Friday, February 25, 2005

Church News

No organisation exemplifies the British cultural collapse better then the Church of England. Described within living memory as 'The Tory Party at prayer', it is now 'engaging with the issues of the 21st century' - or in other words, abandoning a Bible-based theology in favour of an inclusive, user-friendly Christianity more suited to a liberal, Godless society.

The ancien regime are struggling grimly against this tendency, the current battleground being over whether (open - people like Mervyn Stockwood just got on with it) homosexuals should become Bishops of the Church.

On the one side - organisations like Reform, Anglican Mainstream, most of the Anglicans in Africa.

On the other, Rasputin, the bishops of Worcester, Oxford, Southwark, the massed ranks of the BBC, Guardian, Indie, and all right-thinking, tolerant people.

Like Christina Odone, who writes in the Times of "a world full of no-nos: no sex before marriage, no feminism, no abortion and no gay sex".

I'm not sure about the feminism bit. But she's right - tragically, the Church has throughout its history been generally against these things.

Those on the side of light against the dark forces of bigotry and homophobia like to use this "killer argument".
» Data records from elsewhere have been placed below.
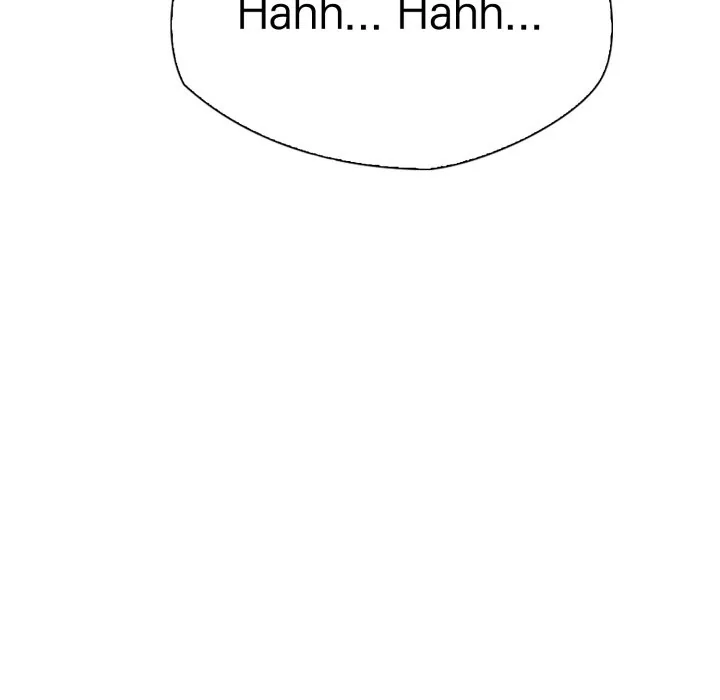 Bangtalchul Game Chapter 7 page 34 - 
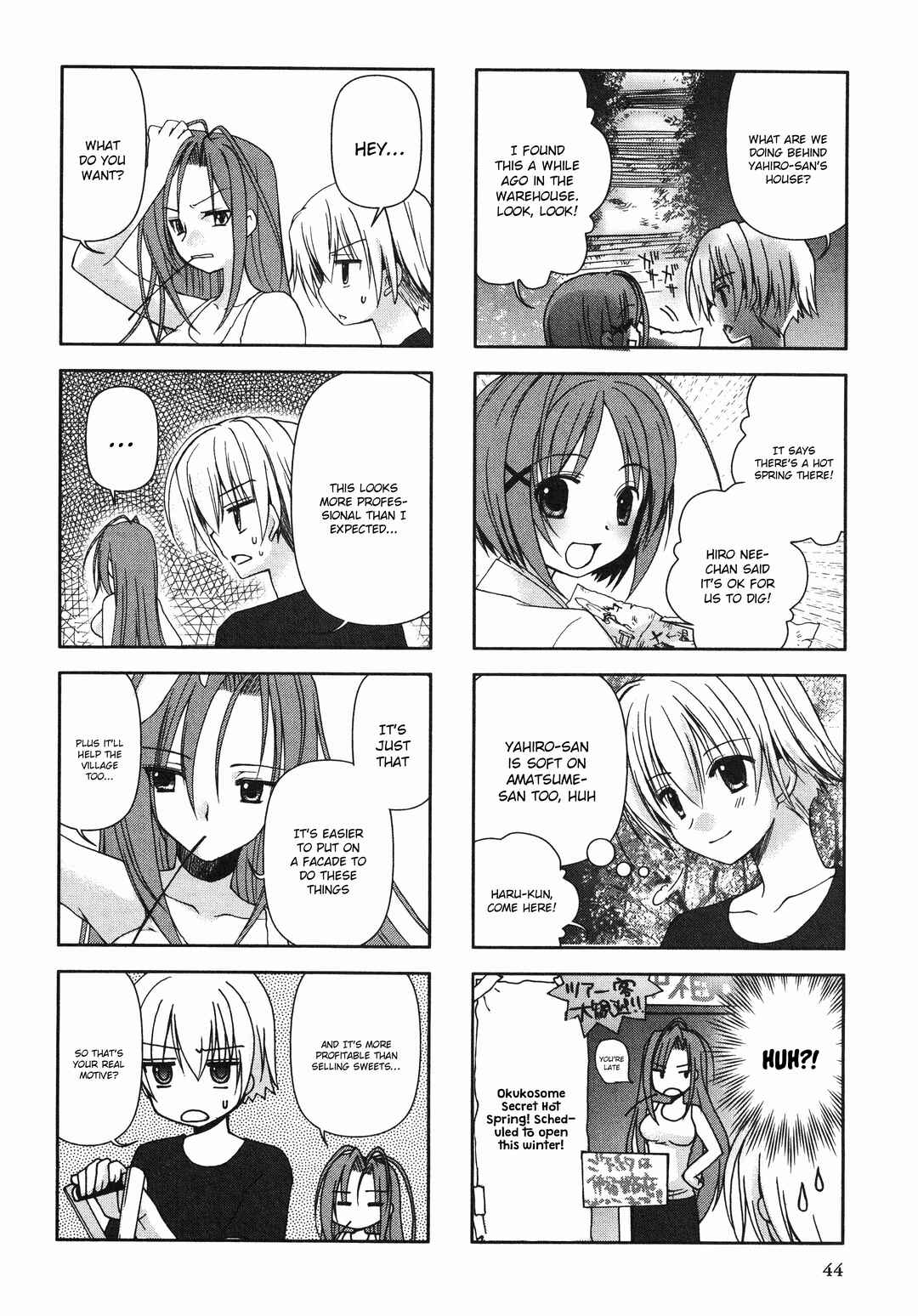 Chapter 8 - Page 2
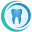 perfectdentalbaycity.com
"In much of Europe, in the USA, and in Canada, discrimination against gay people is now being consigned to history, along with slavery and the lack of universal suffrage. It is only shameful that the Church, which was in the forefront of the campaign to free slaves, still treats women and gay people as being less than fully human, with impaired human rights."
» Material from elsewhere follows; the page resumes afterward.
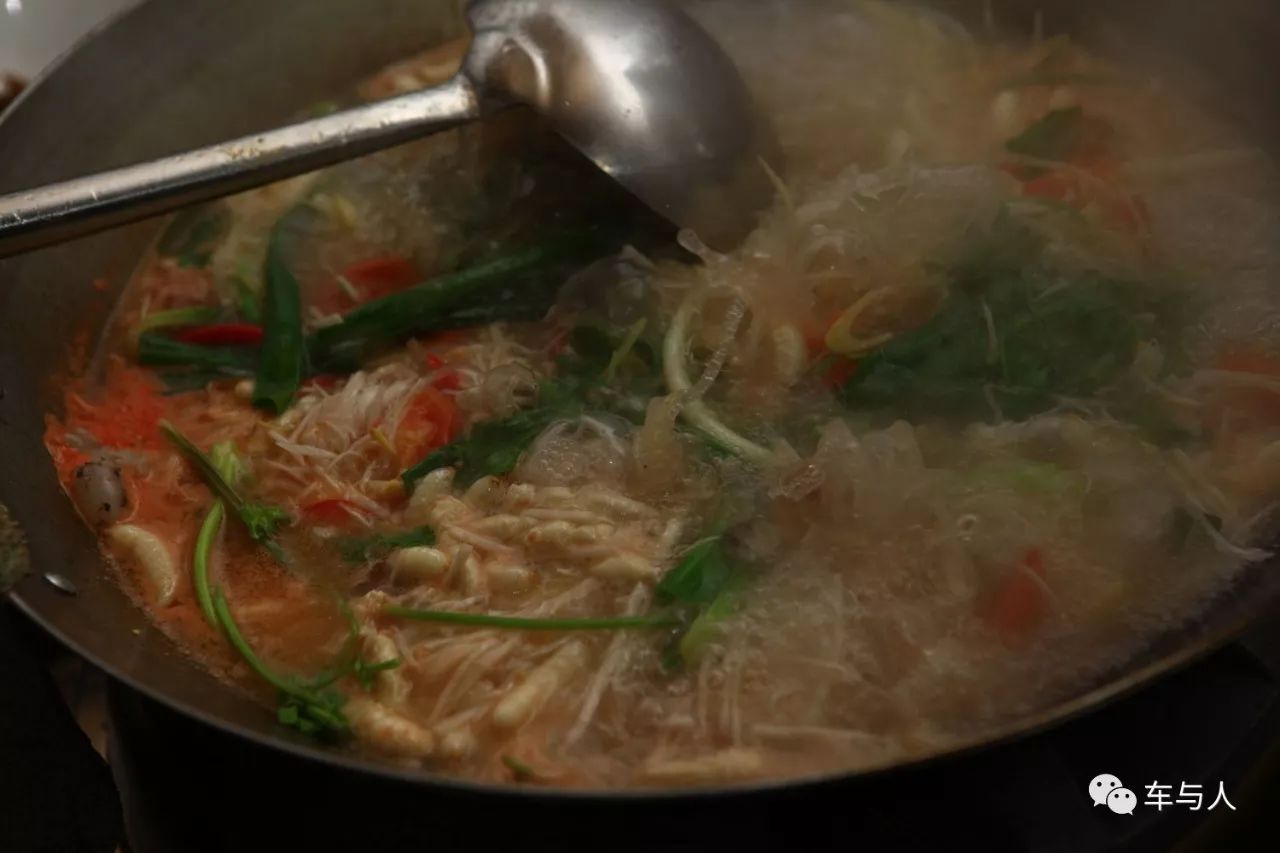 腾冲一个清净古朴的边陲小城,腾冲避暑旅居推荐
You've hit all the right buttons there - not just for liberals, but for everyone. Add in a few words to the effect that your opponents are funded by the American Religious Right, try to ignore the African view, mention George Bush if you can, and bingo - how could any right-thinking person not support you ?

Only one teensy problemette. No-one should be condemned because of the way they were born (I'll leave nature vs nurture for another day). But this argument fails to make the distinction between who you are and what you do. In practice it turns out that the evil reactionary bigots don't hate people with homosexual desires. But they do think it's wrong to act on those desires.

After all, we all have desires of all kinds. If I gave in to all of them, I would by now either be Supreme Dictator Of The Universe, dead, or (more likely) serving a lengthy prison term for crimes ranging from mass murder to serious sexual assault.

Yes, but these desires aren't at the core of your being. As John Humphrys on Radio 4 said incredulously to Archbishop Peter Jensen of Sydney (I paraphrase - can't find the link) "But that would mean being celibate all your life !"

We're back to Christina and her no-nos again. No one ever said it was easy. Christian literature is full of tales of broad, pleasant paths and stony, steep and narrow ones. We're all sinners. I certainly am.



Top coverage of the whole sorry caboodle at Thinking Anglicans. Presumably their opponents are unthinking, but an excellent site nonetheless.